▶ _Data supplied_:

━━━━━━

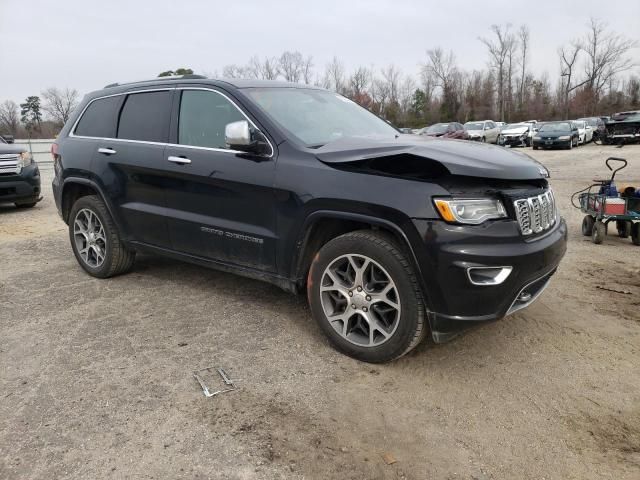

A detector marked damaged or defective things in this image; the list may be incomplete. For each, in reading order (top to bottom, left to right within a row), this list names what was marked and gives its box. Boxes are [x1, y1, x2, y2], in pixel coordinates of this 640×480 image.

damaged front hood [316, 135, 544, 180]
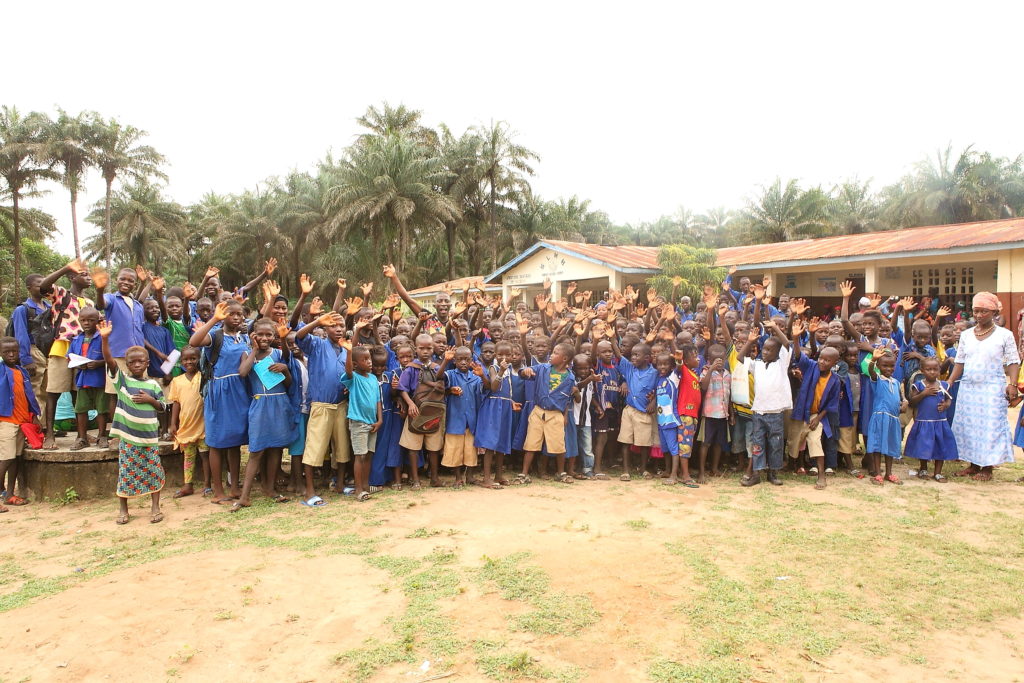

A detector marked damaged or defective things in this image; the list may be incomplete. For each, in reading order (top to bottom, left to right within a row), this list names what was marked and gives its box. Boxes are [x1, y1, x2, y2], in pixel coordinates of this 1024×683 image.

rusty red roof [716, 218, 1024, 268]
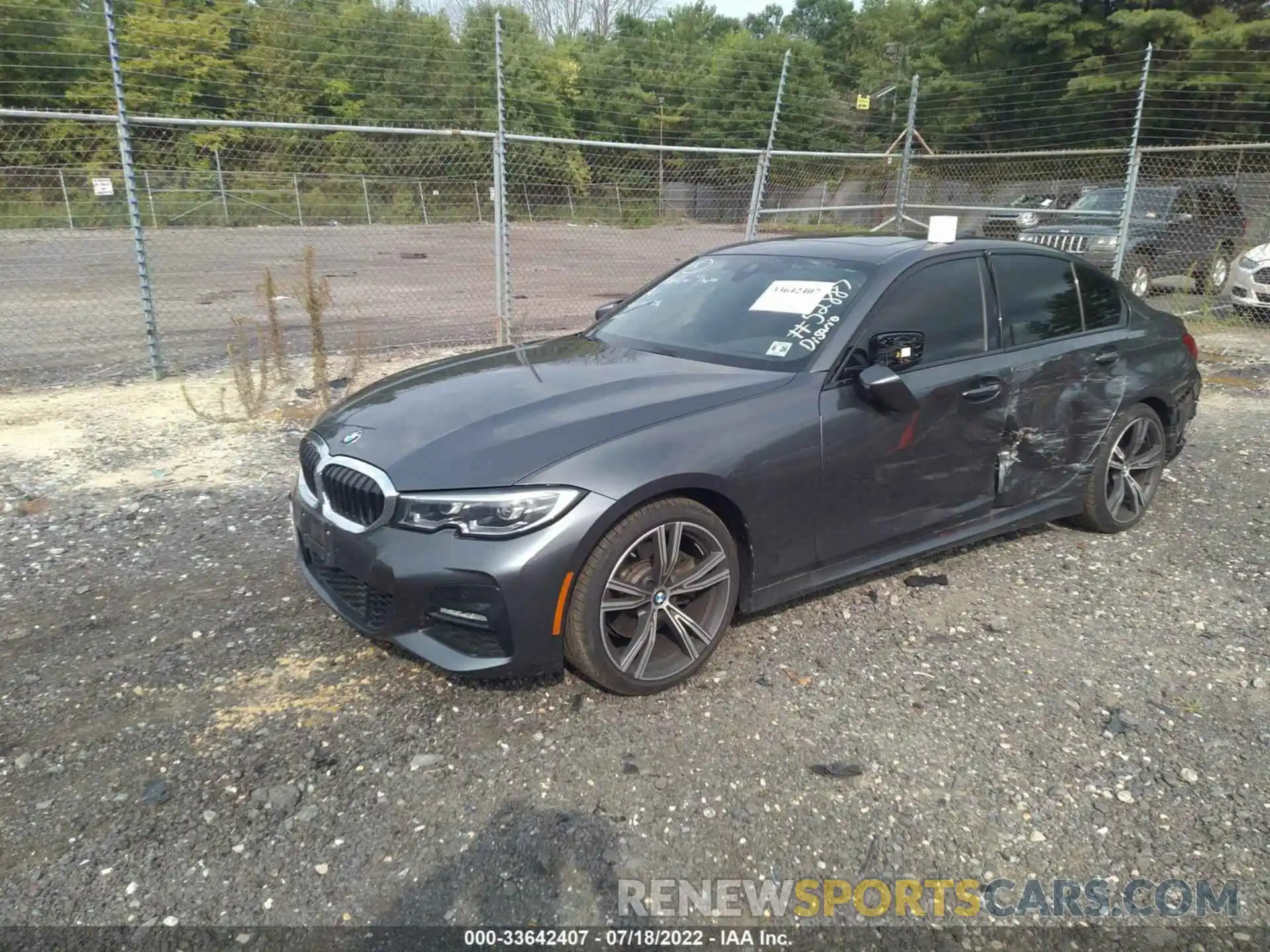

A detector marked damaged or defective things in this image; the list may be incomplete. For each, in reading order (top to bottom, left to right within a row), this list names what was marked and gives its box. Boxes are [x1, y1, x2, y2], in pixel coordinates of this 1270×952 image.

damaged car [288, 235, 1199, 695]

━━━━━━

▶ _Activity_:
Copy each line above precisely, dropping the pictures.

▶ _Reply to the exercise_:
A detector marked damaged or defective things in this image; the list may be incomplete. For each, in reading order (top to bottom, left to right within a row), this list names what was marked and gives its box. Boxes are [x1, y1, x2, y2], in pixel coordinates of this 640×480 image.

damaged front hood [316, 135, 544, 180]

A detector marked damaged or defective things in this image; the list may be incomplete. For each, in reading order (top to bottom, left to right within a row), this list names what was marked and gives its box. Boxes are [x1, y1, x2, y2], in pixel coordinates of this 1024×683 image.

rusty red roof [716, 218, 1024, 268]

A detector marked damaged or defective things in this image; the list may be incomplete. For each, in reading order (top to bottom, left to right within a row), this list names what was marked and gives its box. Boxes are [x1, y1, x2, y2], in pixel coordinates of this 1270×952 image.

damaged car [288, 235, 1199, 695]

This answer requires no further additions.